Under the project, monitoring for greenhouse gas emissions in transport sector was also carried out in the three pilot cities between 2014 and 2018, according to Chen.

Meng Qiu, who oversees urban transport management at Transportation Service Department at the Ministry of Transport, introduced the national ‘Transit Metropolis’ program launched in 2012. A total of 37 cities joined the program during the 12th Five-Year Plan (2011-2015) period, another 50 were enlisted in the program during the 13th Five-Year Plan (2016-2020) period, with the establishment of a comprehensive evaluation system that consists of 20 mandatory targets and another 10 voluntary targets.

Meng said the ministry is currently reviewing 12 cities for their achievement under the ‘Transit Metropolis’ program. Shanghai and Nanjing have become the country’s first ‘Transit Metropolis’ last year, with Beijing and Guangzhou expected to be granted the status later this year.

Insomecities that have adopted ‘Transit Metropolis’ program, over 60% of residents are relying on public transport as a major way of commuting. By the end of 2017, rail transport has been in operation a total of 37 cities, and 32 cities have adopted dedicated BRT (Bus Rapid Transit) lanes. The total length of these public transit lines has reached 4,570km, according to Meng.

Meng added that the technology innovation is bringing new challenges as well as new opportunities for upgrading urban transport management.

At the workshop, project management offices from Suzhou, Chengdu and Harbin also reported their progress.

With the support of the World Bank, Suzhou has introduced 280 natural gas-powered buses, established an ITS (intelligent transportation system), launched two BRT lanes. The city also carried out researches on congestion charge options for the old town area as well as carbon emission monitoring for the transport sector. As a result, the city’s public transit rate has reached 61.5%. Meanwhile, the city’s carbon emissions in the transport sector has dropped by 8.5% from 2015 to 2017.

Chengdu now has the second largest private car ownership – at 5 million – among all cities in China, eclipsed only by Beijing, which has 6 million cars. Yet unlike Beijing, Chengdu has yet to put stringent regulations on vehicle purchasing, meaning the city’s private car ownership is set to rise further, posing challenges for urban traffic management. With the support of the GEF project, the city has built an ITS system and traffic demand management to assist policy making. The city is also researching on optimizing bus stops to attract more users.

In Harbin, 300 air-conditioned clean energy buses were introduced to attract more users. Dedicated BRT lanes are also currently being built which could improve the bus speed from 12km/hour to 40km/hour. Researches have been conducted to optimize the city’s urban and transport infrastructure, and an evaluation system has been established to review construction projects’ impact on the city’s transport.

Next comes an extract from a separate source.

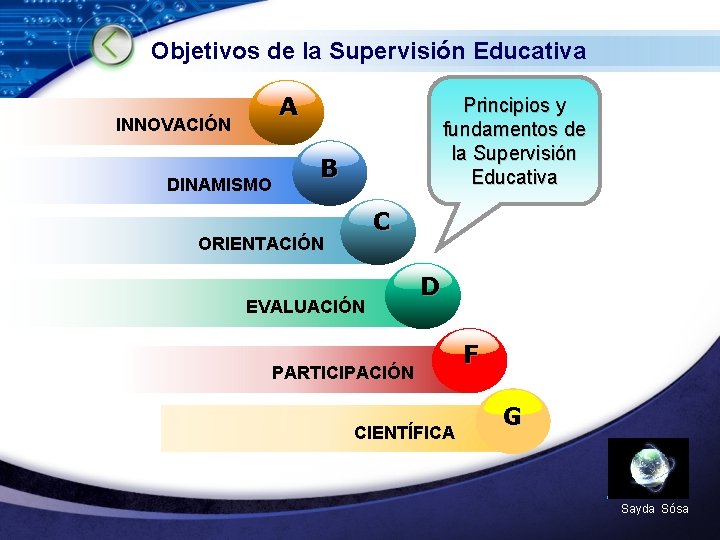 Objetivos de la Supervisión Educativa A INNOVACIÓN DINAMISMO Principios y fundamentos de la Supervisión Objetivos de la Supervisión Educativa A INNOVACIÓN DINAMISMO Principios y fundamentos de la Supervisión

The city is also optimizing transport information system in a bid to relieve congestion and reduce carbon emissions.

At the workshop, Professor Pan Haixiao from Tongji University also introduced his research and thinking on TOD’s impact on urban development, with case studies in Shanghai.

(possible link for the ppt)

Chen Sha, a researcher with China Academy of Urban Planning and Design, presented her research on mid-term (2018-2035) transportation strategy as China enters a new phase of urbanization with several city groups expected to be formed in the coming decades in the central and eastern part of the country.

Zhang Yu, Associated Professor at University of South Florida, shared her study on balancing battery capacity and set up ofwireless charging facilities along bus routes for electric buses.

Ge Yu, Director of Sicence and Technology Department at Beijing Municipal Transportation Commission, introduced how the commission is mining public and commercial transport data and discovering public commuting patterns in Beijing’s busiest areas in a bit to improve transport management.

Professor Zhang Qingyu with Zhejiang University discussed her research on monitoring and collecting carbon emission data for vehicles, as well as the effectiveness and impacts of various approaches to slash greenhouse gas emissions in the transport sector.